Fabius déclare qu'au-delà du "oui" et du "non" à la Constitution, "le principal clivage reste celui qui sépare la droite et la gauche". Seulement, quand il était ministre, il ne s'embarrassait pas d'un tel "clivage": il a poursuivi la politique de la droite. À la politique "d'austérité" contre les travailleurs menée par Barre, Premier ministre de Giscard, succéda après 1981 le gouvernement Mauroy, celui qui dès 1982 instaura "la rigueur" et le blocage des salaires. Fabius y était le ministre socialiste du Budget. Devenu ministre de l'Industrie en 1983, il avalisa de nombreux plans de licenciements, avant de devenir le plus jeune Premier ministre de France l'année suivante. "J'aime bien Fabius pour une raison: parce qu'il liquide le socialisme!", déclarait, dans un élan de lucidité, le "philosophe" Bernard-Henri Lévy au Figaro.

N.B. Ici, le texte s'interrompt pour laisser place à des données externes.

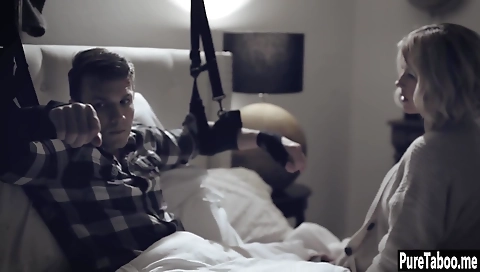 Mash glitter ninette of a younger girl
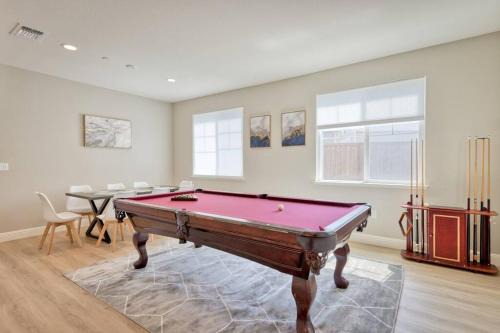 Fairfield House | Modern Large Home in Wine Country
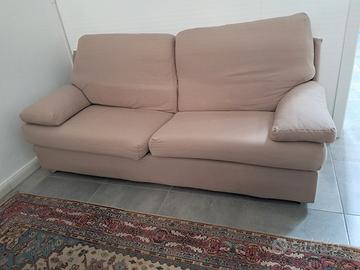 1 divano da 3 posti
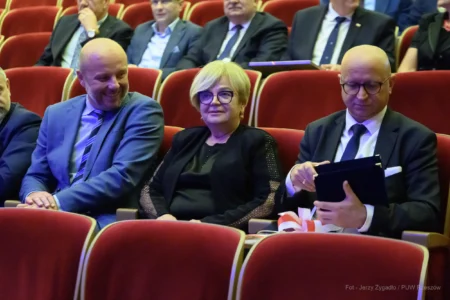 Zdjęcie przedstawia uczestników uroczystości z ojazhi 25-lecia kierunków medycznych na Uniwersytecie Rzeszowskim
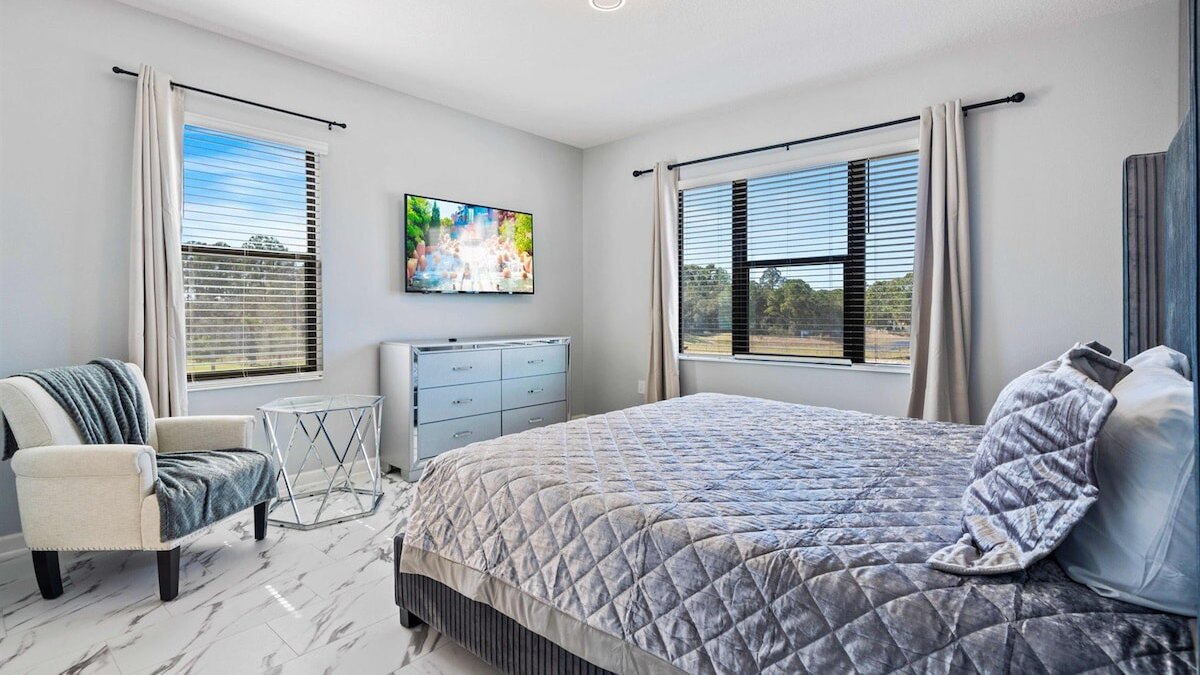 1209-9-B -Mansion themed with pool near Disney - Image 16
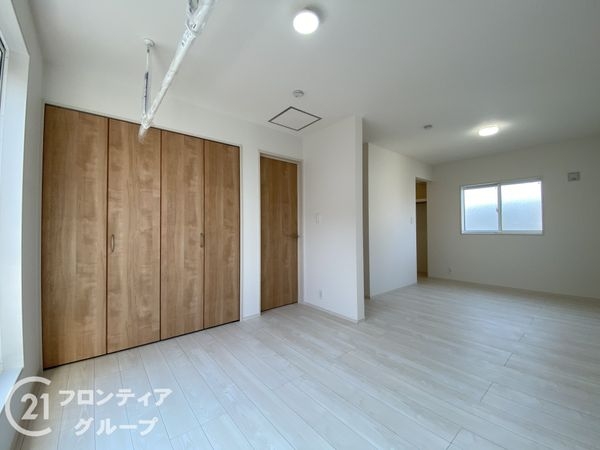 長岡京市久貝２丁目　新築一戸建て　２号棟
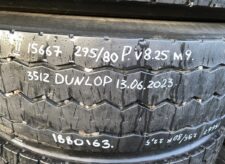 Volvo kerék 295/80R22.5 Dunlop 13.06.2023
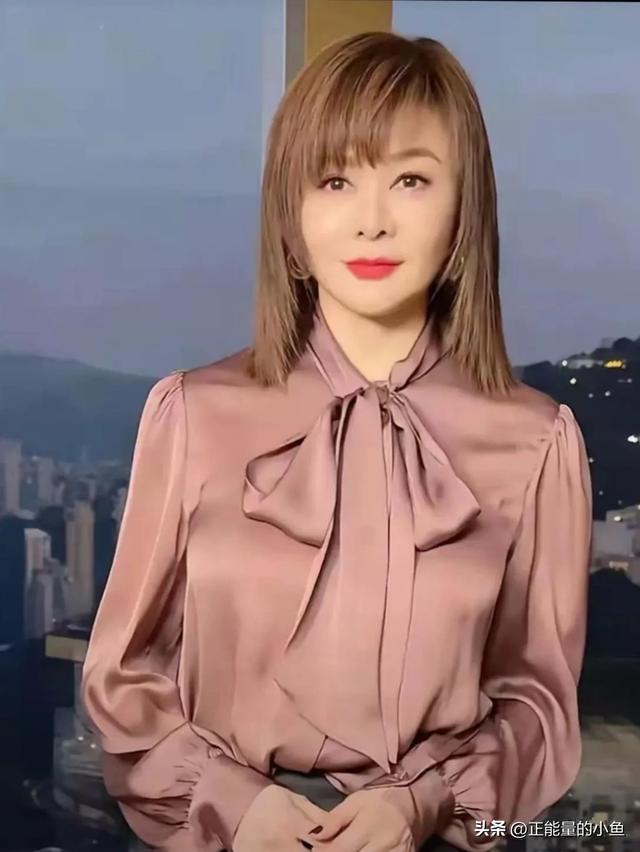 关之琳再怎么打扮，也有点难掩老态了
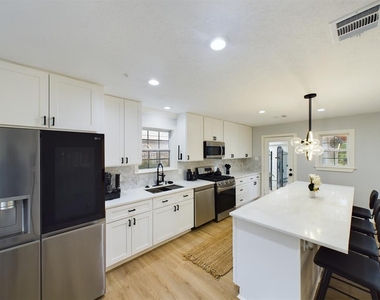 7702 Antoine Drive - Photo Thumbnail 13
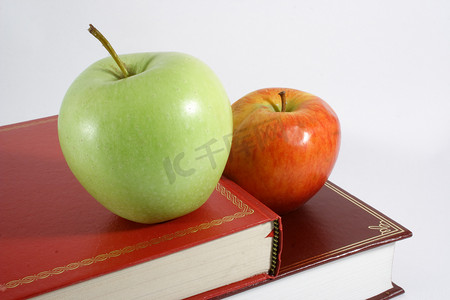 两个苹果和两本书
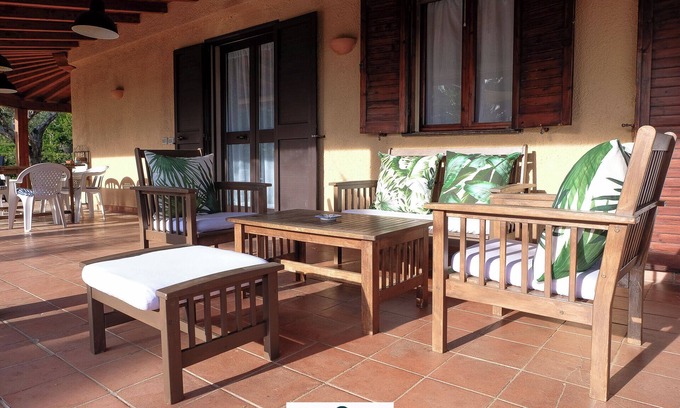 Geremeas Villa | VILLA ROSA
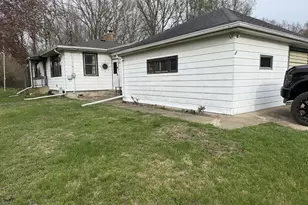 1034 Woodlawn Ave, Michigan City, IN 46360 - Photo 5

Le PCF, qui venait d'essuyer son premier grand revers électoral aux élections européennes de 1984, prit alors prétexte de la nomination de Fabius, symbolisant alors la droite du Parti Socialiste -et c'est une performance- pour ne pas renouveler sa participation gouvernementale. La politique antiouvrière du gouvernement Mauroy, Fabius la continua durant deux ans. Sous le titre "Le grand manipulateur", L'Humanité écrivit plus tard: "Il n'est pas inutile de rappeler que le nom de Laurent Fabius (...) est associé au toc des TUC (les petits boulots de l'époque, rémunérés à une somme inférieure au Smic), au "sale boulot" selon ses propres termes, dans la sidérurgie et ailleurs, aux vagues nauséabondes de l'affaire du Rainbow Warrior, à l'inoubliable formule "Le Pen pose des questions vraies mais il apporte des réponses fausses", à l'hostilité au scrutin proportionnel, à une sombre machination pour chasser les communistes de la mairie de Vierzon, à un silence trop bien calculé dans sa propre circonscription pendant le conflit aux usines Renault de Cléon, à la tragédie des transfusions sanguines..." Oui, on pouvait lire cela dans L'Humanité du 10janvier 1992. Le quotidien du PCF avait ce jour-là la dent dure. Mais le portrait était ressemblant. Depuis, Fabius a été ministre de l'Économie et des Finances de Jospin entre 2000 et 2002 et son palmarès en faveur du patronat s'est allongé.
Partisan d'une "économie de marché corrigée", Fabius estimait, et estime encore, que la social-démocratie "porte toute l'espérance". "Qu'est-ce qui existe à gauche et qui soit d'avenir, à part le Parti Socialiste? Le Parti Socialiste est la seule force puissante qui puisse donner une espérance à gauche", déclarait-il en juin 2001.
Mais ce retour sur un passé pas si lointain n'empêche pas le Parti Communiste et les forces politiques qui font campagne avec lui de passer l'éponge. Mieux, il participe avec entrain à une nouvelle opération "marche-pied" qui servira, en particulier si le "non" l'emporte, à fabriquer d'un vieux cheval de retour du PS un fringant candidat à l'Élysée. Dans l'espoir, hypothétique, d'être de la partie si Fabius l'emportait en 2007. Et ce PCF nous dira une fois encore qu'il a été "manipulé". Comme à chaque fois.